Reproduce the listing below exactly, except for its pictures.

Collected material:
--- --- ---

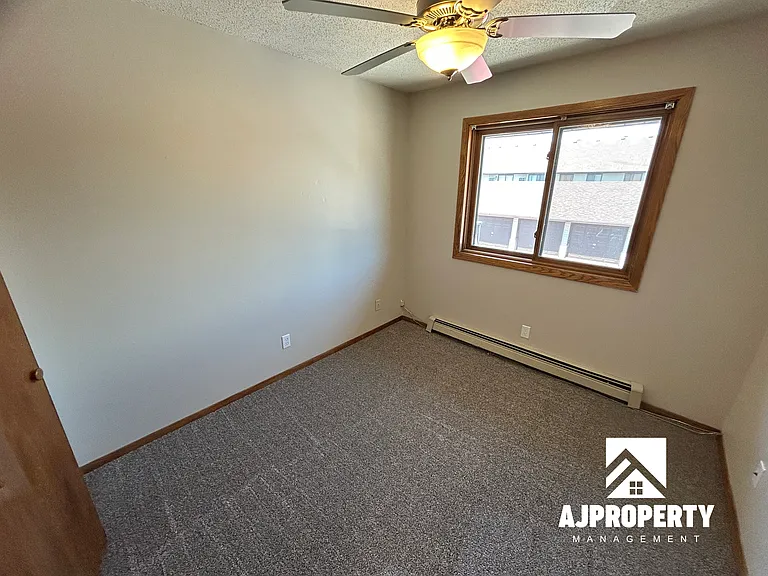 1312 E Keystone Dr #9 — Photo 6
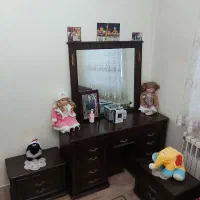 سرویس خواب به همراه دو پاتختی و دراور آینه دار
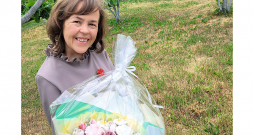 Mājražotāja Anita Zagorska prot no zefīra uzburt puķu pušķus.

--- --- ---

Finished task:
 1312 E Keystone Dr #9 — Photo 6
 سرویس خواب به همراه دو پاتختی و دراور آینه دار
 Mājražotāja Anita Zagorska prot no zefīra uzburt puķu pušķus.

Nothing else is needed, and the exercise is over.